My favourite part of the website is a section called Safety, which shows a picture of a man in a boiler suit throwing a paper aeroplane. Hmmm. Memory may be playing tricks on me, but my boyish recollection of paper aeroplanes is that they fly briefly and erratically before crash-landing into the furniture. Not quite the belt and braces approach to safety I'd like to see Sir Richard pursuing. Space tourism is going to be quite costly and - I'm just saying, Sir Richard - not all that satisfying. The round trip will cost you roughly Dh593,104 and lasts only three hours, although you have to train for a week beforehand. You will be weightless for three minutes. That works out at Dh197,701 per minute for a sensation I gather is not too dissimilar to floating in the pool at the Shangri-La.
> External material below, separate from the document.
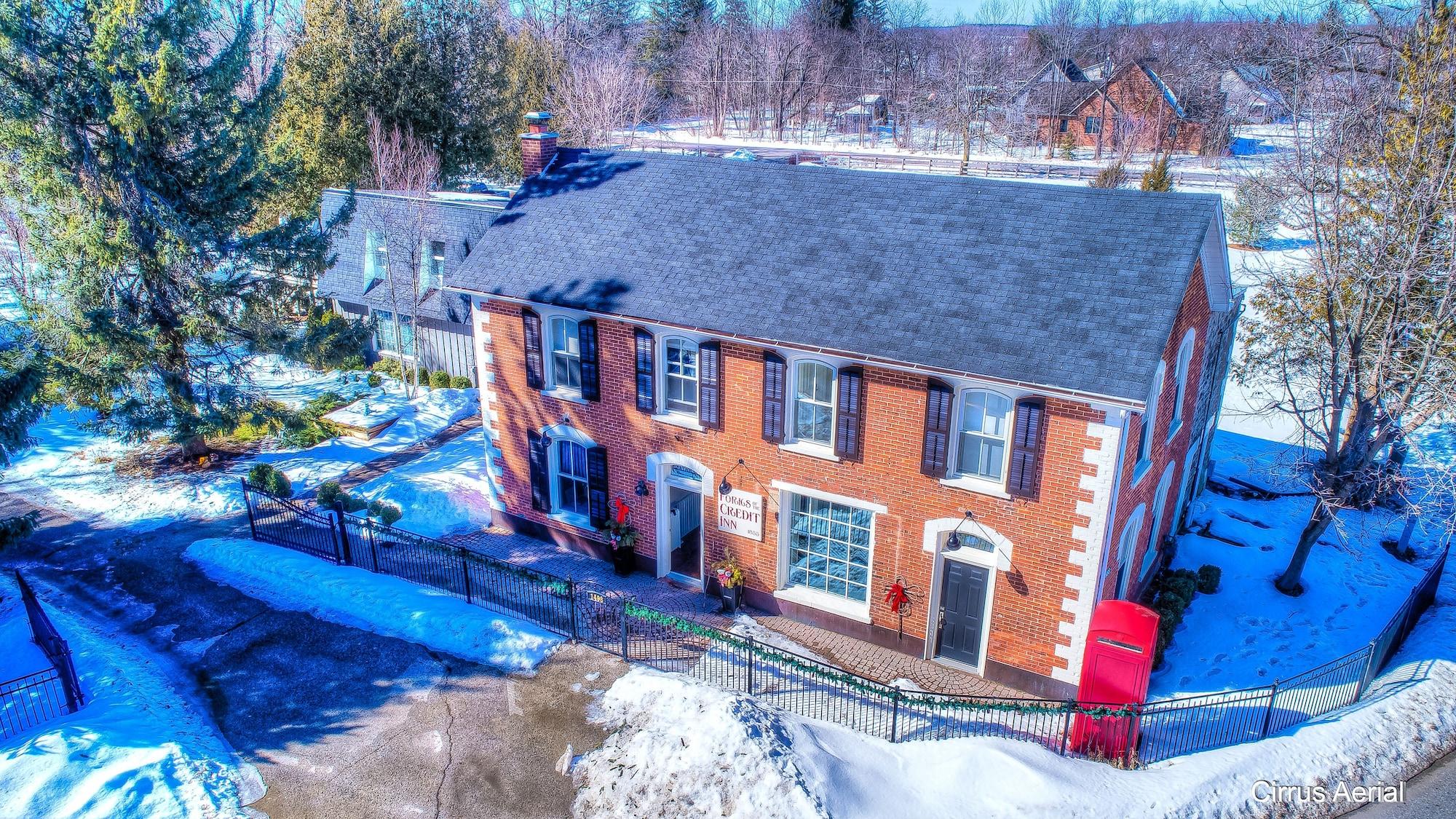 Varios Forks of the Credit Inn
There is a local interest to this story. Dubai resident Namira Salim is booked in one of the first 100 places. Go boldly, Namira. So, the final frontier is well and truly breached and, before long, Sir Richard's space hotels will be crowded with happy holidaymakers. I only hope that the Germans won't be up to their old tricks, putting their towels down on the space equivalent of the poolside recliners before anyone else gets a look in.